BEGIN INPUT RECORDS

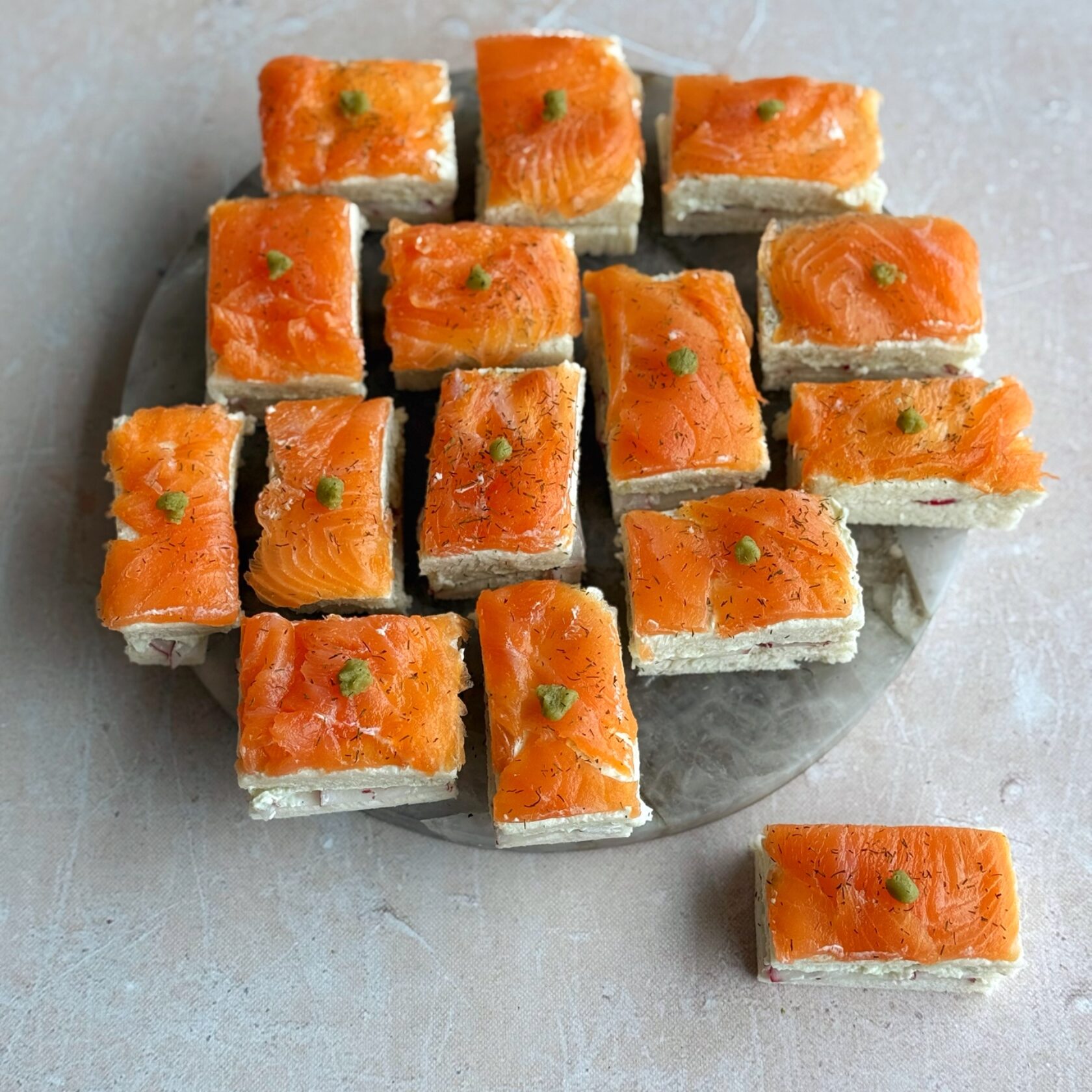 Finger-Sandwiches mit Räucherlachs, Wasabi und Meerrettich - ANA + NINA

END INPUT RECORDS
BEGIN INPUT RECORDS

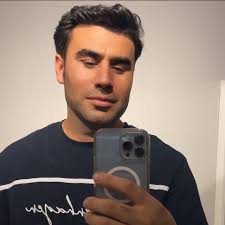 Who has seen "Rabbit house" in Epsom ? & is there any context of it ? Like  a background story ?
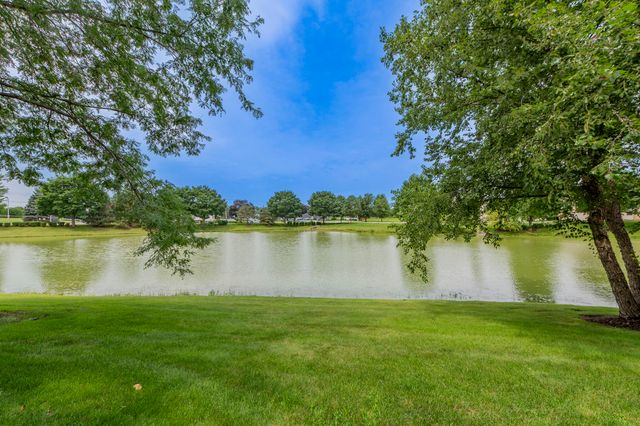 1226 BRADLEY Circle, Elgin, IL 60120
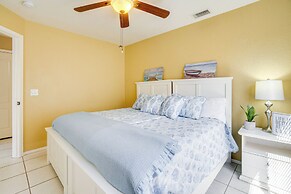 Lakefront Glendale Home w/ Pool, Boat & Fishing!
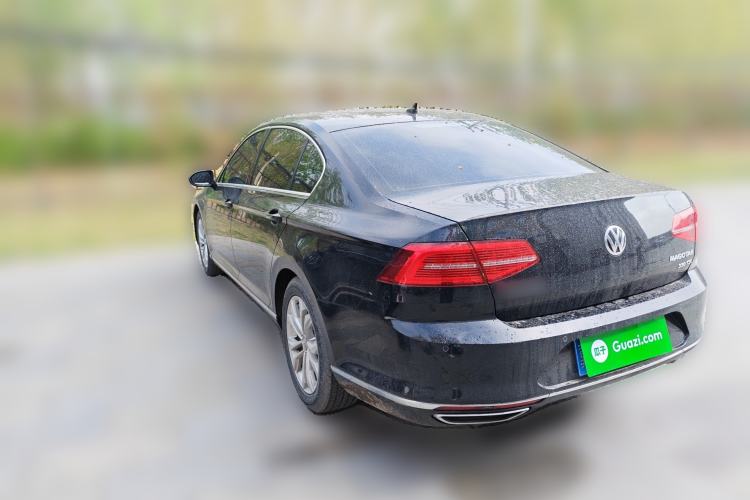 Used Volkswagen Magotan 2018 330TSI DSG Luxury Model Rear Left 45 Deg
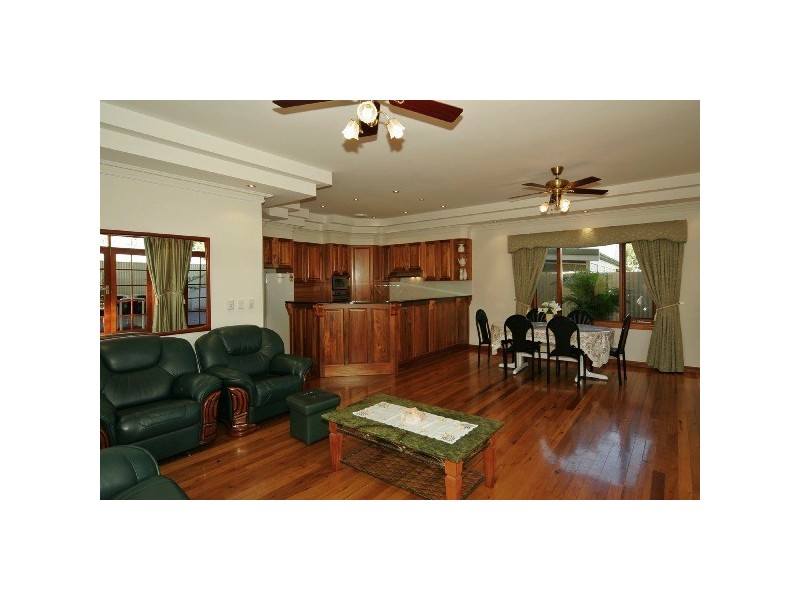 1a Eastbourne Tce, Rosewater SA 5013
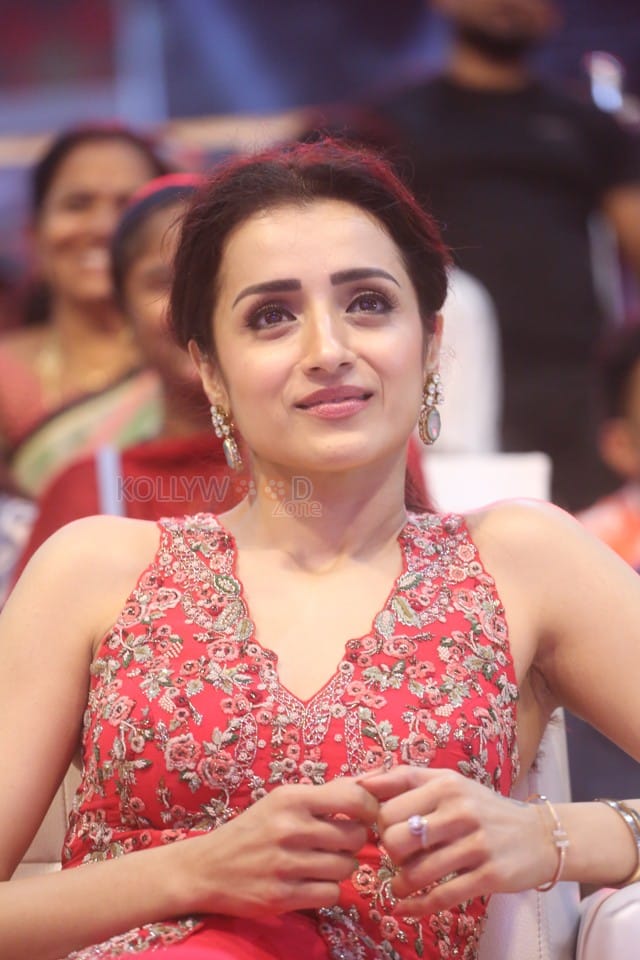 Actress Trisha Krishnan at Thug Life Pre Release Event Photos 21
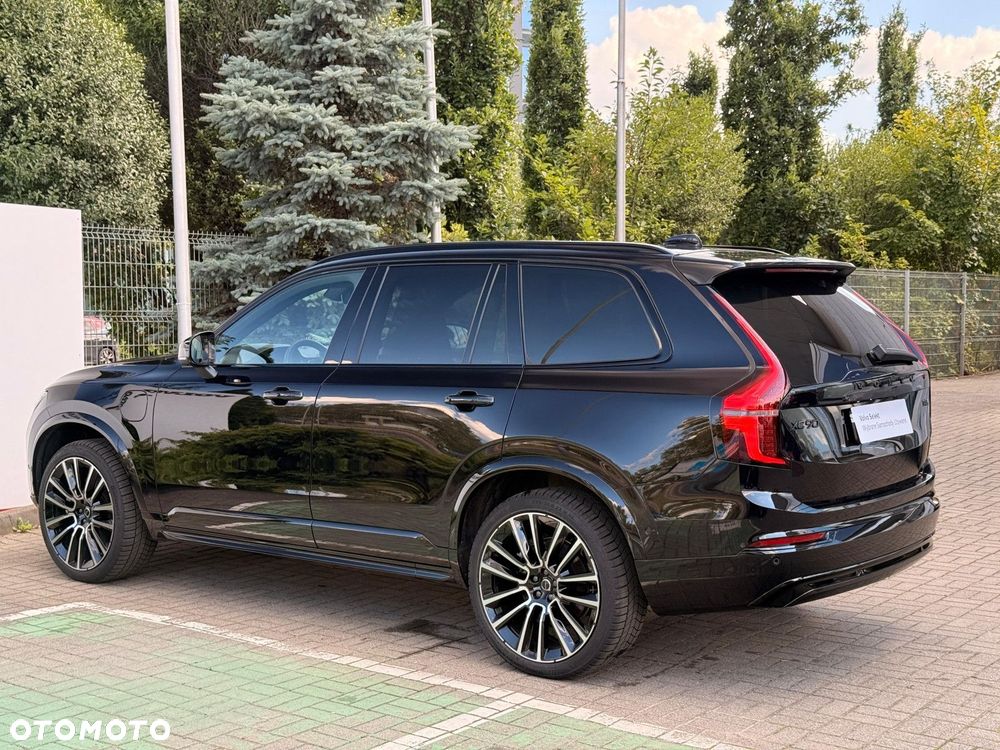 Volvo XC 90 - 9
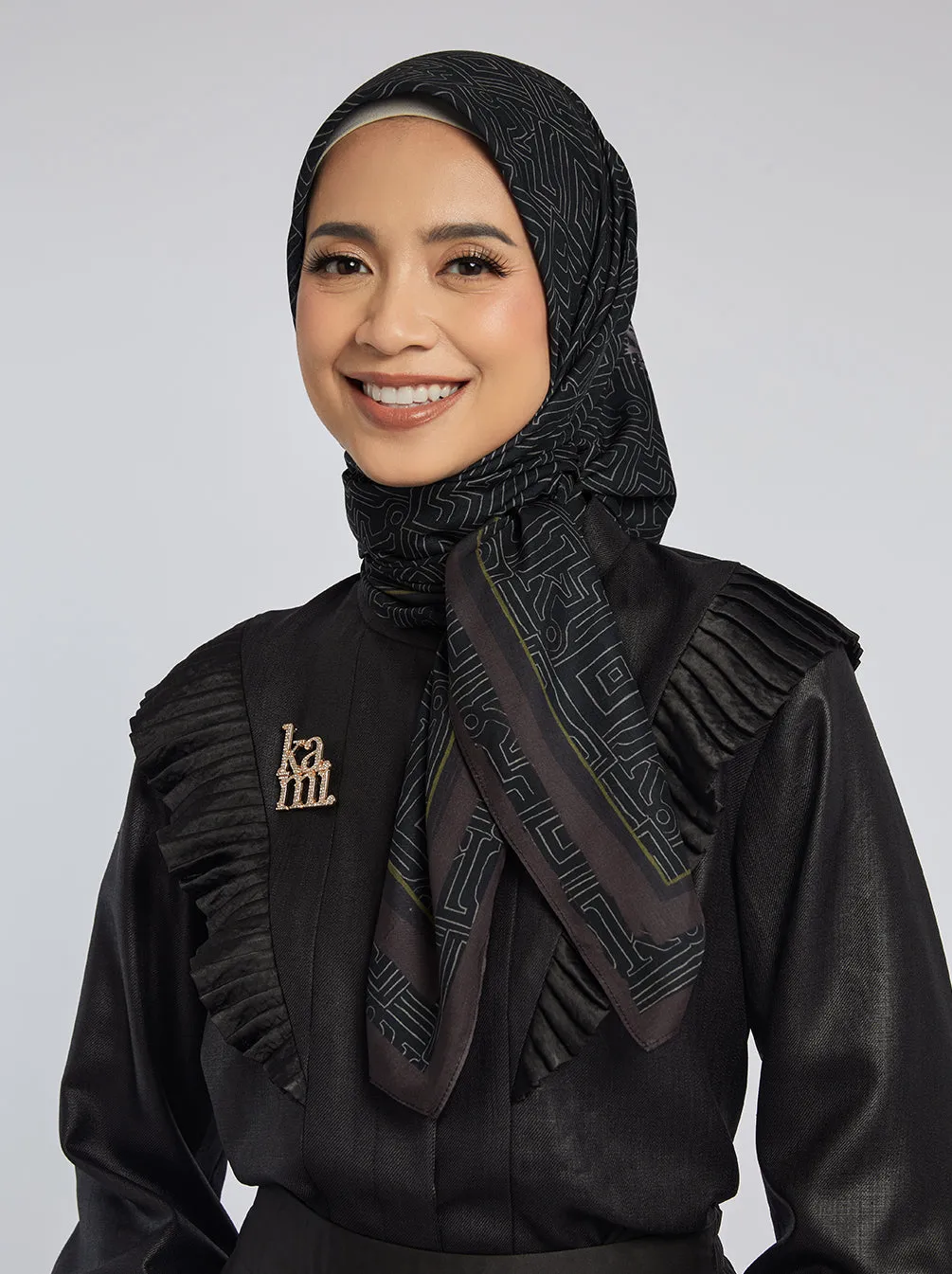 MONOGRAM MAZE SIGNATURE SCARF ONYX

END INPUT RECORDS

### EXERCISE DETAILS
For this exercise, return exactly the lines above from the line with "Actress Trisha Krishnan" through the line with "MONOGRAM MAZE SIGNATURE SCARF ONYX", both included. Do not copy the pictures.

### EXERCISE OUTPUT
 Actress Trisha Krishnan at Thug Life Pre Release Event Photos 21
 Volvo XC 90 - 9
 MONOGRAM MAZE SIGNATURE SCARF ONYX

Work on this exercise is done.